* **TASK STATEMENT**
An exact transcription of every entry is required. Images are not part of it.

PROVIDED RECORDS: Begin

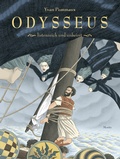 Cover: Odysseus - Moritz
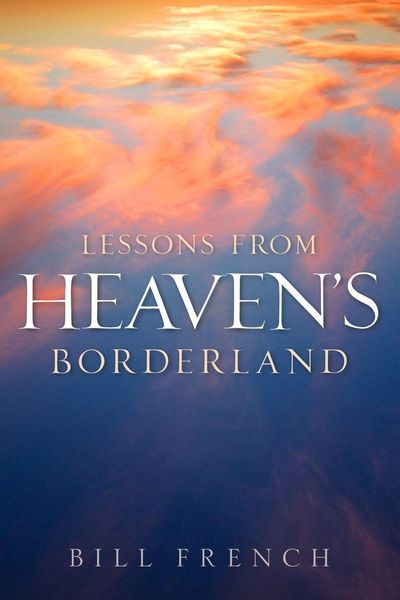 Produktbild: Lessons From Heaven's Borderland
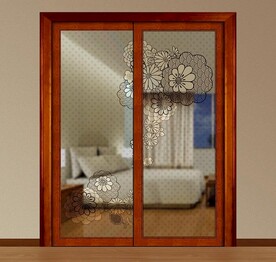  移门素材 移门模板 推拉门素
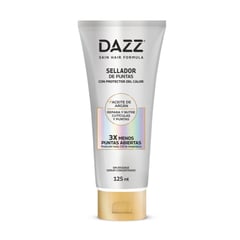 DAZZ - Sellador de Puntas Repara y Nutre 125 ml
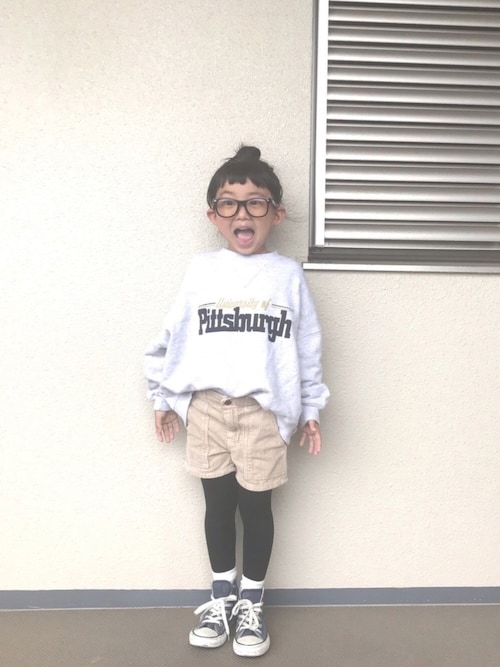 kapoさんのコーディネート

PROVIDED RECORDS: End

* **RESULT**
 Cover: Odysseus - Moritz
 Produktbild: Lessons From Heaven's Borderland
  移门素材 移门模板 推拉门素
 DAZZ - Sellador de Puntas Repara y Nutre 125 ml
 kapoさんのコーディネート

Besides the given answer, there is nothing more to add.